Increasingly, states will have to choose between the ‘bare life’ theories of Italian theorist Giorgio Agamben or the ‘social care’ theories of French philosopher Michel Foucault. Agamben argues, left to their own devices, states will provide minimal social security and maximum disciplinary powers. In contrast, Foucault argues, if a population becomes aware of its power, it can radically transform a state through the everyday administration of social care so people can better take control of life or death issues. In support, the Italian theorist, Roberto Esposito suggests, Foucault’s aim for social care offers new opportunities to immunise communities from a raft of pandemics, from the economic to the medical.
If a biopolitical choice is made, Foucault noted, this will create a ‘rupture’ in state power, and a community’s ‘freedom and resistance’ will inevitably become ‘the necessary precondition for the exercise of power’. In so doing, ‘innovation’ will come to the fore and more people will look to themselves for solutions. As the failures in UK state reason have demonstrated, people are already looking to the World Health Organisation’s epidemiological studies, to unearth a vast array of analysis and methodology on how to explain, engage, immune, secure, conflict manage, and inoculate, a population.

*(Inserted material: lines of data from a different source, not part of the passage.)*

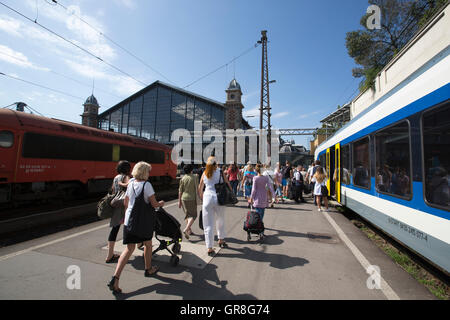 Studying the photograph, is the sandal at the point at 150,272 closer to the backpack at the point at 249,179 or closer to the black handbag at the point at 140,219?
the black handbag at the point at 140,219

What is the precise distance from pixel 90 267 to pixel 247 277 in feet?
7.90

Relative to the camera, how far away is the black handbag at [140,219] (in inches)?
107

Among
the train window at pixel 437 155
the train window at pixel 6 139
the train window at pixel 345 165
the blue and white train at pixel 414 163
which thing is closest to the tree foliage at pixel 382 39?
the train window at pixel 345 165

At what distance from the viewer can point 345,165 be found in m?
7.12

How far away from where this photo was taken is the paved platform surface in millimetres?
2604

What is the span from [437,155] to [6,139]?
10.5 meters

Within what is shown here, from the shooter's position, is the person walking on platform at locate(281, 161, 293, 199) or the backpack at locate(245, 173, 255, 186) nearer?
the backpack at locate(245, 173, 255, 186)

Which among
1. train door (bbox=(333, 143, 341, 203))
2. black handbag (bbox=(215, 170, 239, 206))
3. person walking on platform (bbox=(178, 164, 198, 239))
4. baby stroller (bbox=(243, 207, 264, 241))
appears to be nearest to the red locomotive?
person walking on platform (bbox=(178, 164, 198, 239))

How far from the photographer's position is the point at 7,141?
261 inches

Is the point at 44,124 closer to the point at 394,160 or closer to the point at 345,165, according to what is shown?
the point at 394,160

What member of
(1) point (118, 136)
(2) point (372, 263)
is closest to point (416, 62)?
(2) point (372, 263)

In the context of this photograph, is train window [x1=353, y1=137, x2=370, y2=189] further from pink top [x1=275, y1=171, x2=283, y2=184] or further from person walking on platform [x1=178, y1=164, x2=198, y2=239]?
person walking on platform [x1=178, y1=164, x2=198, y2=239]

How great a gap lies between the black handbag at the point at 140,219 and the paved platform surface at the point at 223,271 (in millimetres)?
708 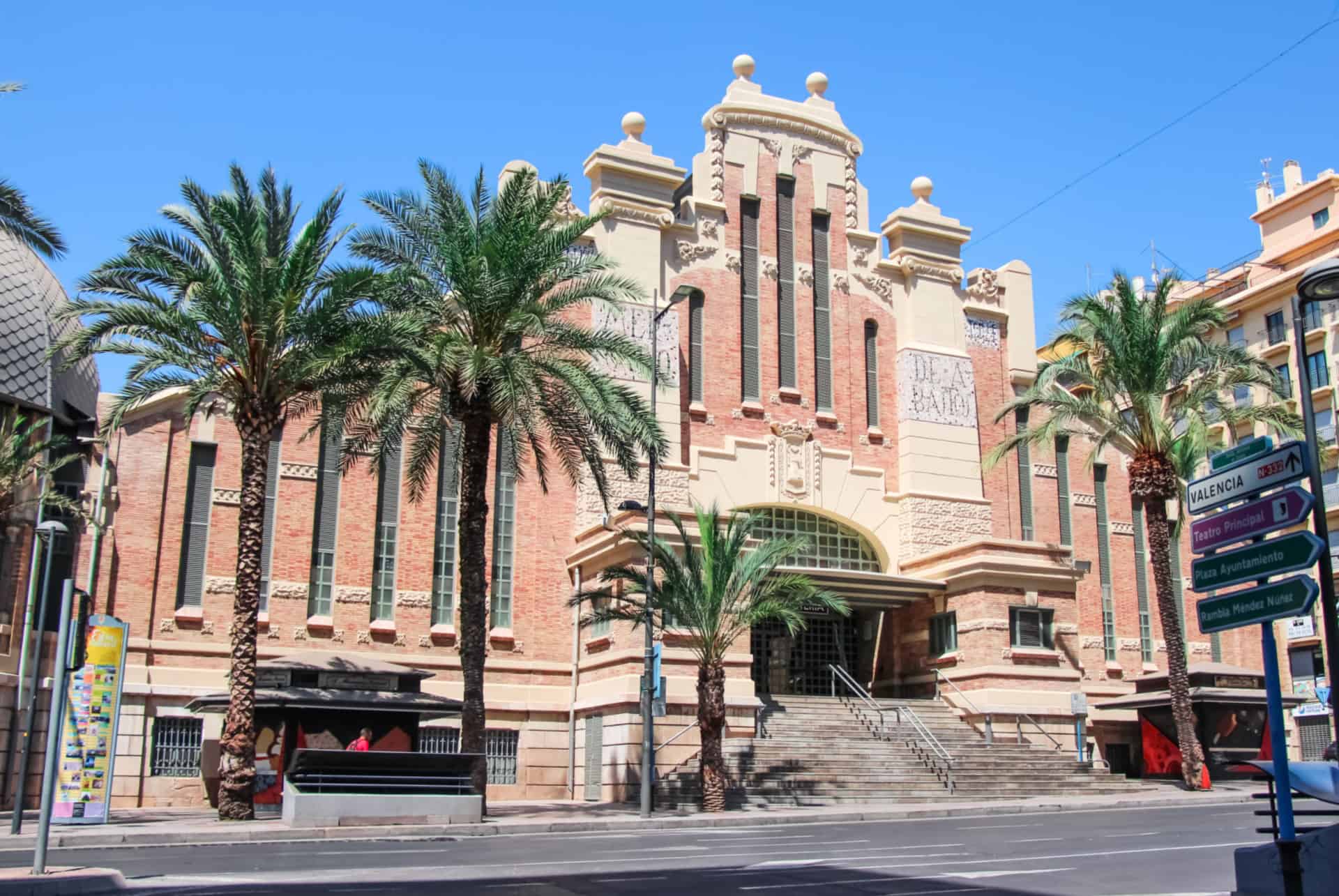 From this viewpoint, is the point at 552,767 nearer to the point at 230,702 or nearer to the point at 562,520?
the point at 562,520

In so doing, and by promoting Public Health medicine as a preventative methodology, more communities will ultimately move towards the production of biopolitical labour for self-preservation. As this pandemic deepens, and wider philosophical debates emerge, on Public Health medicine, this biopolitical debate will increasingly come to the fore, to examine, assess and explain a cure for state failure. Now, as the raison d’état transforms, and the ontology of science predominates, this paradigm shift towards a deeper interest in the politics of life, will either shift states towards the delivery of a scared life or a bare life: and on such metrics, nation-states will be judged by their post-pandemic polities.
Seán Brennan Ph.D. is an independent researcher.